Escrever programas que lidam bem com a memória não é tarefa fácil. Em C++, é fácil escrever programas que não desalocam objetos (os famosos memory-leaks) ou que tentam usar objetos que já foram desalocados. Em C# (e Java), é fácil sobrecarregar o GC e sofrer penalidades sérias de performance.
Rust tenta resolver esse problema através de uma abordagem original. Por sinal, a promessa da linguagem é detectar mau uso da memória durante o processo de compilação.
Como funciona a desalocação de objetos em Rust
Em Rust, todo objeto no heap é de propriedade de uma, e somente uma, variável. Quando esta variável sai de contexto, Rust automaticamente remove o objeto da memória.
fn foo() { let a = String::from("Foo"); println!("The value of A is {}", a); }
No código acima, a string está alocada na heap e é de propriedade da variável a. Quando essa variável sai de contexto, Rust tem segurança para tirar a string da memória.
Em C++, teríamos de usar um smart-pointer para ter comportamento semelhante. Em C#, o objeto permaneceria em memória até que o GC fizesse a coleta (não é possível determinar claramente quando isso acontecerá).

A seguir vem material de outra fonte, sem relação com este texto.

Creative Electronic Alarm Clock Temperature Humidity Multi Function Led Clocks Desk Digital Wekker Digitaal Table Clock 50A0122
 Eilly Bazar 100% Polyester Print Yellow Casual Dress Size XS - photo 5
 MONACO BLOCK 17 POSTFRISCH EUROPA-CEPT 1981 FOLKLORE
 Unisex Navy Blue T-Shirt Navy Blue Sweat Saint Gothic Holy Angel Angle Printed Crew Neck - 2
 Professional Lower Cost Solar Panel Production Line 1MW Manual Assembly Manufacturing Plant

Transferência de ownership entre variáveis
Em Rust, quando atribuímos o valor de uma proprieade, para a outra, transferimos a “propriedade” do valor. Assim, a variável que continha o valor perde direito de acesso.
Por exemplo, o código que segue é inválido:
fn main() { let a = String::from("Foo"); let b = a; println!("A is {} and B is {}", a, b); // essa linha causa um erro de compilação. }
O problema aqui foi que estamos tentando acessar o valor da variável a que já não possui permissão de acesso ao valor pois transferiu a ownership para b.
Transferência de ownership ao chamar uma função
Em Rust, quando chamamos uma função passando um valor como parâmetro, transferimos o ownership do valor para a variável que representa o parâmetro na função.
O código a seguir é inválido em Rust:
fn main() { let a = String::from("Foo"); print_string(a); println!("A is {}", a); // essa linha causa um erro de compilação. } fn print_string(s: String) { println!("{}", s); }
O código acima é inválido porque, na chamada da função, ocorre a transferência de ownership da variável a para s no momento em que ocorre a chamada da função print_string. Por sinal, o valor é desalocado quando s sai de contexto (retorno da função).
Transferência de ownership para uma estrutura de dados mais complexa
Em Rust, quando atribuímos um valor a um elemento de uma tupla, transferímos o onwership desse valor para tupla.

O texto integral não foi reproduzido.